_The data_
------------------------------------

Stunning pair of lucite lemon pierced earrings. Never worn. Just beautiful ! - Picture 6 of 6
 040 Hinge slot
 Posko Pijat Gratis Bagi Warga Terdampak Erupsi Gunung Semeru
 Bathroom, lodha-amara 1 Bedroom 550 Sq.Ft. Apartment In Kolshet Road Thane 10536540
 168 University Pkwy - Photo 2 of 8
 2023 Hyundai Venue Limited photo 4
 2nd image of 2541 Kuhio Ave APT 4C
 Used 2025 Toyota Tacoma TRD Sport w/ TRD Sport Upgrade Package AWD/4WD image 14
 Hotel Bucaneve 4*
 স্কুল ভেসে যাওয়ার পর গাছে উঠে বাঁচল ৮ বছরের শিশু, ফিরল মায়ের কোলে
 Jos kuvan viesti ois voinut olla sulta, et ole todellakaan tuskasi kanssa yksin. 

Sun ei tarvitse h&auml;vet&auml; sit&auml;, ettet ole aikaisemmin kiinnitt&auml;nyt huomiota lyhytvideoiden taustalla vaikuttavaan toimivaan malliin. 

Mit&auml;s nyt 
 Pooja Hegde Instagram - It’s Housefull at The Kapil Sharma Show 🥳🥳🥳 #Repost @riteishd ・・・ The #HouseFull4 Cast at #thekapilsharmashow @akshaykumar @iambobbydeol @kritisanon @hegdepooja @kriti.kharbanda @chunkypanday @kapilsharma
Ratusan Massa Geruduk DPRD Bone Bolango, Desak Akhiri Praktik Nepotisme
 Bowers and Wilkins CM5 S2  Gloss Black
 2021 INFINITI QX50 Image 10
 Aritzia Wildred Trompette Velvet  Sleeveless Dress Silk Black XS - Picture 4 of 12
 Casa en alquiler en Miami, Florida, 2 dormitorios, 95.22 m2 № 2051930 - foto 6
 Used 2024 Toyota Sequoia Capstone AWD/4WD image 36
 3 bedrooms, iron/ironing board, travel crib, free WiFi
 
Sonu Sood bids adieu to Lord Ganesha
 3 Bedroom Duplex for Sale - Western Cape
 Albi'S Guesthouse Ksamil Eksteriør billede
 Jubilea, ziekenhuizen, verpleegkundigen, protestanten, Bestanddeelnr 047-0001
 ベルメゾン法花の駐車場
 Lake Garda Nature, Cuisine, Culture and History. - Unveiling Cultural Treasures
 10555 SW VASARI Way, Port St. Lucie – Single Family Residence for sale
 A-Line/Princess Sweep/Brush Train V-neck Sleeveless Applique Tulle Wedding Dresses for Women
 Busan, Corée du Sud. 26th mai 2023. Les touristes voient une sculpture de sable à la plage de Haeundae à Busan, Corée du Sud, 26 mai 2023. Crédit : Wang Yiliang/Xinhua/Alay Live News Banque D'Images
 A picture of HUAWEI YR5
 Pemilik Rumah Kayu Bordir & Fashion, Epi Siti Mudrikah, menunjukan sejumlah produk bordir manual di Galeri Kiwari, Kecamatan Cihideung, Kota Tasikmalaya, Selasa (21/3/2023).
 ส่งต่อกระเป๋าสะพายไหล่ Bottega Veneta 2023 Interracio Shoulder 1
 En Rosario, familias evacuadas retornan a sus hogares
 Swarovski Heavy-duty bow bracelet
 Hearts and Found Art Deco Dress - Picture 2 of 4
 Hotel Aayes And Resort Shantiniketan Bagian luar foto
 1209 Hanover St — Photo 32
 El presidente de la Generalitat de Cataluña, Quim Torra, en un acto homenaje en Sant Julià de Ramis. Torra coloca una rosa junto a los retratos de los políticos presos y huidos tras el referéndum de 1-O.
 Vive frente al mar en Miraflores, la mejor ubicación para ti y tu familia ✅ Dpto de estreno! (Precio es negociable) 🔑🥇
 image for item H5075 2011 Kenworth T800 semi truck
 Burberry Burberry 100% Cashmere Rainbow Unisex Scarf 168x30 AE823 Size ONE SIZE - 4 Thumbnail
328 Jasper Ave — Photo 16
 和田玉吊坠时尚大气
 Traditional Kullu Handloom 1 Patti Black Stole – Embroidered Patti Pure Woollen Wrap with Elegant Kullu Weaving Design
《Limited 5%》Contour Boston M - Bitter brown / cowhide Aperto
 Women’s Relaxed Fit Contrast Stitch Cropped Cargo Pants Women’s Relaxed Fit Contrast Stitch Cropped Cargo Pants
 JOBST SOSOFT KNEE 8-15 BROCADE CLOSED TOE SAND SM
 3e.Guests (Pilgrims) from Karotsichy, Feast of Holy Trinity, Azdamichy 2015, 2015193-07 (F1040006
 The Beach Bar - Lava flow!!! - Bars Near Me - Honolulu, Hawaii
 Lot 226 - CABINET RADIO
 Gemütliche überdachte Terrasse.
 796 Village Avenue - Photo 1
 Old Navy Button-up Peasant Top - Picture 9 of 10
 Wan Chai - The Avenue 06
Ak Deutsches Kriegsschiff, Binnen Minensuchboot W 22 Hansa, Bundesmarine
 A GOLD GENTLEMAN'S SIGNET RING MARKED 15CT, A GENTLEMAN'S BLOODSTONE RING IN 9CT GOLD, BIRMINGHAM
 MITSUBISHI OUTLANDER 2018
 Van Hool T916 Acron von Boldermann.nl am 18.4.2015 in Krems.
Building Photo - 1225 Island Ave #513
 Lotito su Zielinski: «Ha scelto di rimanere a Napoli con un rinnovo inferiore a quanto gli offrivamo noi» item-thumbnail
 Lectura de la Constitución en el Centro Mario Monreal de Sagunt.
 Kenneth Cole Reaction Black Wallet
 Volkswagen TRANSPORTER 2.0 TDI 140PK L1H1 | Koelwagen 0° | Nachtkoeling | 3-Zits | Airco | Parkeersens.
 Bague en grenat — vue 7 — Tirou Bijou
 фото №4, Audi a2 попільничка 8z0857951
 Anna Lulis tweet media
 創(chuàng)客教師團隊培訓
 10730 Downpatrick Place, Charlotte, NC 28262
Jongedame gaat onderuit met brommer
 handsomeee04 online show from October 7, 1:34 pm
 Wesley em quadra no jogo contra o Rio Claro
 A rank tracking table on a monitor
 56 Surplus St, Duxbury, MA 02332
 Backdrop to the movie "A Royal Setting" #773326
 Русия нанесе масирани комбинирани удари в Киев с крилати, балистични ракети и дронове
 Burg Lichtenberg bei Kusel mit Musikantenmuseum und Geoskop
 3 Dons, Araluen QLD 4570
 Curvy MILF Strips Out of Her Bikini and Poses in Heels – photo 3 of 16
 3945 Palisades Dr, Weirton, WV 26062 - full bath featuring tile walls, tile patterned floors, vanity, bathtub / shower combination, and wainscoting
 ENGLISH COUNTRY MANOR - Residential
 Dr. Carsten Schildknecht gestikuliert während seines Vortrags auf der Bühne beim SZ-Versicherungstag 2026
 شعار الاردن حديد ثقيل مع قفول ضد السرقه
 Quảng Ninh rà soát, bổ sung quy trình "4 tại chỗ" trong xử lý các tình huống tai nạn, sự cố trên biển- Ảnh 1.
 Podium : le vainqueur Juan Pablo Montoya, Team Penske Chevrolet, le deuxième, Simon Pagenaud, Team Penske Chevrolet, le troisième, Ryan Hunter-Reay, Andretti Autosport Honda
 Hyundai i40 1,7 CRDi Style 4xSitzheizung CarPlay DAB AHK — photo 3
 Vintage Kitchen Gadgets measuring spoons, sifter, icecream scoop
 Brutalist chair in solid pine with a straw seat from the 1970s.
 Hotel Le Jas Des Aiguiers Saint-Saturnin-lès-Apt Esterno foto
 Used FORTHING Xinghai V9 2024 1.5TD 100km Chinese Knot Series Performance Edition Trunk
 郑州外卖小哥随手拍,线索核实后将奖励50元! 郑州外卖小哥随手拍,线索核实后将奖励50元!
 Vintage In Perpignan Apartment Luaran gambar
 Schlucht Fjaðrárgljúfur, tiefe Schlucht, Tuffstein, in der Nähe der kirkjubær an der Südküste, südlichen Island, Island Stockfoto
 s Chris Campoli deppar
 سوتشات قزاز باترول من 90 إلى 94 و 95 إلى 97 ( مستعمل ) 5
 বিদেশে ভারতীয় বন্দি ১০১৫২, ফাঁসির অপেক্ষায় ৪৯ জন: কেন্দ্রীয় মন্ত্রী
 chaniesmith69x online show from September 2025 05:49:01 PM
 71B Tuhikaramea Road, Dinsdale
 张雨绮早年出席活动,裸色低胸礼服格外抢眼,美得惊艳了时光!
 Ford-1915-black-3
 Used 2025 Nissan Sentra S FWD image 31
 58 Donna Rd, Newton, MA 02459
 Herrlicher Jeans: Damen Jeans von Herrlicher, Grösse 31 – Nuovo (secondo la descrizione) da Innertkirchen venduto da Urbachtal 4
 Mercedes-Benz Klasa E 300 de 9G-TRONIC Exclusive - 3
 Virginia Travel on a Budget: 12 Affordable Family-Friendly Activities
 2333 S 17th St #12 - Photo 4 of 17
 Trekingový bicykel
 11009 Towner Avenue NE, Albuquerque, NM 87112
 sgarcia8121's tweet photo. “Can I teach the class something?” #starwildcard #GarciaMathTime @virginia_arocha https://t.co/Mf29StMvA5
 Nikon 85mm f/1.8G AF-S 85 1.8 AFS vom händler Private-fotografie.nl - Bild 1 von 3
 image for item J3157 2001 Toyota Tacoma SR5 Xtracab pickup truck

------------------------------------

_To do_
Take the lines from the first line of the listing to the line containing "2023 Hyundai Venue Limited photo 4". Please print them exactly, ends included, with nothing else.

_Task output_
Stunning pair of lucite lemon pierced earrings. Never worn. Just beautiful ! - Picture 6 of 6
 040 Hinge slot
 Posko Pijat Gratis Bagi Warga Terdampak Erupsi Gunung Semeru
 Bathroom, lodha-amara 1 Bedroom 550 Sq.Ft. Apartment In Kolshet Road Thane 10536540
 168 University Pkwy - Photo 2 of 8
 2023 Hyundai Venue Limited photo 4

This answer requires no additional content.